= Prompt =
Return the entries below precisely, omitting nothing.

--------------------------------

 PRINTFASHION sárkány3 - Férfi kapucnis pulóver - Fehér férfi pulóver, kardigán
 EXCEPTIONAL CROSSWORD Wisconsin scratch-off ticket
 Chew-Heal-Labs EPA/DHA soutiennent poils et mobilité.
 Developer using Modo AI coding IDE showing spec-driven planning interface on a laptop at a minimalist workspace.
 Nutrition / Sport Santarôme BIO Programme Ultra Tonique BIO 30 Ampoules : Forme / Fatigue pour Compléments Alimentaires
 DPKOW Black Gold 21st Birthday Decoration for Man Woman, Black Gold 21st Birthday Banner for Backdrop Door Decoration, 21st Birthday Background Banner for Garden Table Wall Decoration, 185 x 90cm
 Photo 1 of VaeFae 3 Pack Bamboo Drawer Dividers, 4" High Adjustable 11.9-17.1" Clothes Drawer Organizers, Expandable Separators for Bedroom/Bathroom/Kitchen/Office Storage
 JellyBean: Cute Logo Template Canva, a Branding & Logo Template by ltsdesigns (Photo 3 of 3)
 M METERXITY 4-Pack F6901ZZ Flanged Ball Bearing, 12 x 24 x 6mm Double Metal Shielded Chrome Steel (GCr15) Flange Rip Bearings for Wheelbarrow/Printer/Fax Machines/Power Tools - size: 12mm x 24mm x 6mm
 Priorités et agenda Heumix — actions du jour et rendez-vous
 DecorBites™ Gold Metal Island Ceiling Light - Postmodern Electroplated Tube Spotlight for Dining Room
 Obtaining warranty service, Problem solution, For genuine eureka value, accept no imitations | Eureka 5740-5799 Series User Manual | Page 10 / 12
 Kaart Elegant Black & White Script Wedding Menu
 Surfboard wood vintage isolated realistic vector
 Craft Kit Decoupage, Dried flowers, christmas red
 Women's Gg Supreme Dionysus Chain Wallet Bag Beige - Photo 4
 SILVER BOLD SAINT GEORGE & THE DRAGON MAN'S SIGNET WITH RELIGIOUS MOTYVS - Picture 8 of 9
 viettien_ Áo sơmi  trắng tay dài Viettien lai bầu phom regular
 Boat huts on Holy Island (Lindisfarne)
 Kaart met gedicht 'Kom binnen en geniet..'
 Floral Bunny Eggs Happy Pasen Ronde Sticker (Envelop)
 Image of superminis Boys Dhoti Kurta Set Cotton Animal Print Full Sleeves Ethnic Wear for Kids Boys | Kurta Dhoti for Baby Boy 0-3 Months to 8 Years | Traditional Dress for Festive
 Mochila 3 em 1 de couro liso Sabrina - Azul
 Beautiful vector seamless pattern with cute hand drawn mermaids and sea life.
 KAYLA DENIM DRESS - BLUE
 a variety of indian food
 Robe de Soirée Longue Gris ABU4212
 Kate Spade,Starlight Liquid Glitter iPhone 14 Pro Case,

--------------------------------

= Answer =
 PRINTFASHION sárkány3 - Férfi kapucnis pulóver - Fehér férfi pulóver, kardigán
 EXCEPTIONAL CROSSWORD Wisconsin scratch-off ticket
 Chew-Heal-Labs EPA/DHA soutiennent poils et mobilité.
 Developer using Modo AI coding IDE showing spec-driven planning interface on a laptop at a minimalist workspace.
 Nutrition / Sport Santarôme BIO Programme Ultra Tonique BIO 30 Ampoules : Forme / Fatigue pour Compléments Alimentaires
 DPKOW Black Gold 21st Birthday Decoration for Man Woman, Black Gold 21st Birthday Banner for Backdrop Door Decoration, 21st Birthday Background Banner for Garden Table Wall Decoration, 185 x 90cm
 Photo 1 of VaeFae 3 Pack Bamboo Drawer Dividers, 4" High Adjustable 11.9-17.1" Clothes Drawer Organizers, Expandable Separators for Bedroom/Bathroom/Kitchen/Office Storage
 JellyBean: Cute Logo Template Canva, a Branding & Logo Template by ltsdesigns (Photo 3 of 3)
 M METERXITY 4-Pack F6901ZZ Flanged Ball Bearing, 12 x 24 x 6mm Double Metal Shielded Chrome Steel (GCr15) Flange Rip Bearings for Wheelbarrow/Printer/Fax Machines/Power Tools - size: 12mm x 24mm x 6mm
 Priorités et agenda Heumix — actions du jour et rendez-vous
 DecorBites™ Gold Metal Island Ceiling Light - Postmodern Electroplated Tube Spotlight for Dining Room
 Obtaining warranty service, Problem solution, For genuine eureka value, accept no imitations | Eureka 5740-5799 Series User Manual | Page 10 / 12
 Kaart Elegant Black & White Script Wedding Menu
 Surfboard wood vintage isolated realistic vector
 Craft Kit Decoupage, Dried flowers, christmas red
 Women's Gg Supreme Dionysus Chain Wallet Bag Beige - Photo 4
 SILVER BOLD SAINT GEORGE & THE DRAGON MAN'S SIGNET WITH RELIGIOUS MOTYVS - Picture 8 of 9
 viettien_ Áo sơmi  trắng tay dài Viettien lai bầu phom regular
 Boat huts on Holy Island (Lindisfarne)
 Kaart met gedicht 'Kom binnen en geniet..'
 Floral Bunny Eggs Happy Pasen Ronde Sticker (Envelop)
 Image of superminis Boys Dhoti Kurta Set Cotton Animal Print Full Sleeves Ethnic Wear for Kids Boys | Kurta Dhoti for Baby Boy 0-3 Months to 8 Years | Traditional Dress for Festive
 Mochila 3 em 1 de couro liso Sabrina - Azul
 Beautiful vector seamless pattern with cute hand drawn mermaids and sea life.
 KAYLA DENIM DRESS - BLUE
 a variety of indian food
 Robe de Soirée Longue Gris ABU4212
 Kate Spade,Starlight Liquid Glitter iPhone 14 Pro Case,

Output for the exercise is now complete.